No matter the product or service, the best businesses in the world are just that: world businesses. No matter their level of employment, employees need intercultural communication competency skills. The days when employees within a division share one culture are ending. Without employees who have the ability to understand and work within the framework of each other’s cultural communication, those world businesses will falter.

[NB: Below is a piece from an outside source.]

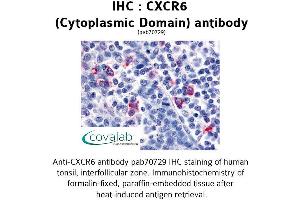Image no. 1 for anti-Chemokine (C-X-C Motif) Receptor 6 (CXCR6) (2nd Cytoplasmic Domain) antibody (ABIN1733413)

We have observed that many universities are including theoretical discussions and lectures on the importance of intercultural communication and intercultural competency skills, which Deardorff (2009) defined as possessing the necessary attitudes and reflective behavioral skills and using these to behave effectively and appropriately in intercultural situations. Channels of communication, so-called verbal, nonverbal, and paraverbal communication, differ from culture to culture; because of these differences, messages may be misinterpreted (Mehrabian, 1972). Studying groundwork done by Lewis (2006), Hall (1990), and Hofstede (1991) provides insight into important differences in regional communication styles. (For more details on these theories, please see Appendix A.)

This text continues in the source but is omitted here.